The Beachbody Company, LLC (“Beachbody”), a leading subscription
health and wellness company, today announced that Beachbody’s
management team is participating in the Baird 2021 Global Consumer,
Technology & Services Conference on Tuesday, June 8, 2021.
Beachbody’s Co-Founder, Chairman and Chief Executive Officer,
Carl Daikeler, and President and Chief Financial Officer, Sue
Collyns are scheduled to present at 3:45 p.m. Eastern Time. A live
webcast of the presentation will be available at
https://thebeachbodycompany.com/investors or Beachbody | Baird
Webcast.
On June 24, 2021, Forest Road Acquisition Corp. (NYSE: FRX)

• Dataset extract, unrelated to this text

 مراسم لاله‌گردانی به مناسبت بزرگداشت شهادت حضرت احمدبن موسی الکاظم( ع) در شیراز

(“Forest Road”) will host a special meeting of stockholders to vote
on its proposed merger with Beachbody and Myx Fitness Holdings, LLC
(“Myx”). Forest Road’s Board of Directors unanimously recommends
that stockholders vote “FOR” the adoption of the merger agreement
and the other proposals detailed in the proxy statement/prospectus
sent to stockholders. Every stockholder of record as of May 6, 2021
is entitled to vote. Please visit www.votefrx.com for details on
how to vote.
About The Beachbody Company Group, LLC
Headquartered in Santa Monica, Beachbody is a worldwide leader
in health and fitness, with a 22-year track record of creating
innovative content and powerful brands. With 2.7 million paid
digital fitness subscribers across two platforms, a nationwide
peer-support system of over 400,000 influencers and coaches as of
March 31, 2021, plus a premium portfolio of branded nutrition
products, Beachbody is a leading holistic health and wellness
company with over $1 billion in revenue projected in 2021.

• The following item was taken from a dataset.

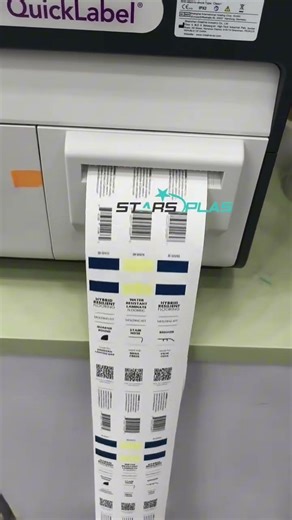 Color label printing equipment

Beachbody, the parent company to the Beachbody On Demand platform
and the fast-growing DTC platform Openfit, recently entered into a
pending three-way merger agreement with Forest Road, a publicly
traded special purpose acquisition company, and Myx, an at-home
connected fitness platform, that will make it a public company. For
more information, please visit TheBeachbodyCompany.com.
About Myx Fitness Holdings, LLC
Myx delivers a revolutionary and personalized solution for its
members to make connected fitness part of their daily lives. The
brand's cornerstone products, The MYX and The MYX Plus, offer
professional-quality equipment at an affordable price, hundreds of
on-demand classes, combined with expert coaching on a digital
platform, designed to improve endurance, strength, mobility and
flexibility. Using science-backed methods, Myx utilizes proprietary
heart rate technology and cross-training, brought to life through
positive coaching, to deliver lasting results. Myx is available
starting at $1,299 with delivery nationwide in approximately one to
three weeks depending on location and scheduling availability.
About Forest Road Acquisition Corp.
Forest Road Acquisition Corp., a blank check company formed for
the purpose of effecting a merger, capital stock exchange, asset
acquisition, stock purchase, reorganization or similar business
combination with one or more businesses, raised $300 million in
November 2020 and its securities are listed on the NYSE under the
tickers “FRX,” “FRX.U” and “FRX WS.” The Forest Road team includes
three former Disney senior executives — Tom Staggs, director and
Chairperson of the Strategic Advisory Committee, Kevin Mayer,
strategic advisor and Salil Mehta, Chief Financial Officer — and is
strengthened by the strategic connectivity and deal-making
expertise of directors, officers and strategic advisors like
Shaquille O'Neal, Peter Schlessel, Keith Horn, Sheila Stamps,
Teresa Miles Walsh and Martin Luther King III. For more
information, please visit https://www.spacroadone.com/. For more
information on how to vote, please visit www.votefrx.com.
Forward-Looking Statements
This press release contains certain forward-looking statements
within the meaning of the federal securities laws with respect to
the proposed transaction between Beachbody and Forest Road,
including statements regarding the anticipated benefits of the
transaction, the anticipated timing of the transaction, future
financial condition and performance of Beachbody and expected
financial impacts of the transaction (including future revenue, pro
forma equity value and cash balance), the satisfaction of closing
conditions to the transaction, the PIPE transaction, the level of
redemptions of FRX’s public stockholders and the products and
markets and expected future performance and market opportunities of
Beachbody. These forward-looking statements generally are
identified by the words "believe," "project," "expect,"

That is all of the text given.